Word for word, restate the line containing "Tilray Brands' Q4 2025 Earnings Release" and all the lines that come after it in the entries below. Include nothing from before it.

• Data in this exercise:
'''

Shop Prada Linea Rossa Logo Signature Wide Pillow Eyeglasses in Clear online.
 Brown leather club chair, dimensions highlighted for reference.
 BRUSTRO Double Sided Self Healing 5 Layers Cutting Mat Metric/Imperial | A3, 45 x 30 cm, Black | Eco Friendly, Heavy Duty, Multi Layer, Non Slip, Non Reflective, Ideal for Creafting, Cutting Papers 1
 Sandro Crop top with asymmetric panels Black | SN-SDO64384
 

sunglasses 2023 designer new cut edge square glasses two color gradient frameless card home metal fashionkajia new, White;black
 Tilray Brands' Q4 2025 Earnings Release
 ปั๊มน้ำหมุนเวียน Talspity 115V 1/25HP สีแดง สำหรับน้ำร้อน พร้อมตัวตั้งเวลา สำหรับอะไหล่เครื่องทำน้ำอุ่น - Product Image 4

'''

• Result for this task:
 Tilray Brands' Q4 2025 Earnings Release
 ปั๊มน้ำหมุนเวียน Talspity 115V 1/25HP สีแดง สำหรับน้ำร้อน พร้อมตัวตั้งเวลา สำหรับอะไหล่เครื่องทำน้ำอุ่น - Product Image 4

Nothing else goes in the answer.